Denis de Souza Macedo, secretário de Educação da cidade, foi preso na terça-feira pela PF

Na Escola Municipal Ernesto Pinheiro Barcellos, no bairro Itaipu, em Belford Roxo, Baixada Fluminense, o cardápio oferecido aos estudantes é quase sempre o mesmo: arroz e ovo. De acordo com estudantes da unidade, ouvidas ontem pelo jornal O GLOBO, de vez em quando tem frango desfiado. Já na Escola Municipal Santa Cruz, no bairro Nova Aurora, o café da manhã servido ontem se resumiu a rosquinha com laranja. Mais ou menos na mesma hora em que os estudantes faziam o parco desjejum, Denis de Souza Macedo, secretário de Educação da cidade, era preso pela Polícia Federal em casa, num condomínio de luxo na vizinha Nova Iguaçu. Ele é suspeito de comandar um esquema de desvio de verbas da merenda escolar. Pelos cálculos dos investigadores, o rombo ultrapassa os R$ 6 milhões.

Além da prisão do secretário, os policiais cumpriram 21 mandados de busca e apreensão em cidades da Baixada e na capital. Mais de R$ 2,6 milhões em espécie — em euros, dólares e reais —, quatro carros, documentos e celulares foram apreendidos. Poucas horas antes da prisão, na noite de anteontem, durante evento público, o prefeito Wagner dos Santos Carneiro, o Waguinho, que está em seu segundo mandato em Belford Roxo, era só elogios a Denis Macedo, a quem classificou como “o melhor secretário de Educação de todos os tempos”.

Desvio milionário

De acordo com as investigações que resultaram na operação de ontem da Polícia Federal e do Ministério Público Federal — batizada de Fames, em alusão à deusa da fome na mitologia romana —, os recursos enviados pelo Programa Nacional de Alimentação Escolar (PNAE), do governo federal, eram sistematicamente desviados mediante superfaturamento dos alimentos comprados.
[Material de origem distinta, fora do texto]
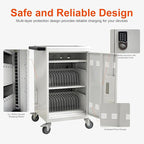 Aokleo 32 Devices Laptop Charging Cart with Password Lock,Tablet Storage Carts for Pad Up to 16.3" Screen,Classroom Computer Mobile Charging Station for Pads,Chromebooks,Laptops(White - Password Lock)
O valor do sobrepreço seria distribuído entre o secretário e outros servidores. Para funcionar, o esquema contava com empresas fantasmas, contratos assinados por laranjas e relações próximas entre fornecedores e contratantes. Algumas das empresas investigadas tinham apenas um cliente: a Secretaria de Educação de Belford Roxo.

Documento obtido pelo RJTV, telejornal da emissora Globo, mostra que uma das empresas investigadas, a RLC Barbosa, foi contratada para fornecer 201.010 unidades de maçãs, batatas e ovos. Embora tenha recebido o valor integral acordado, a empresa, segundo a Justiça, entregou apenas pequena parte do combinado, tendo descumprido 85% do contrato.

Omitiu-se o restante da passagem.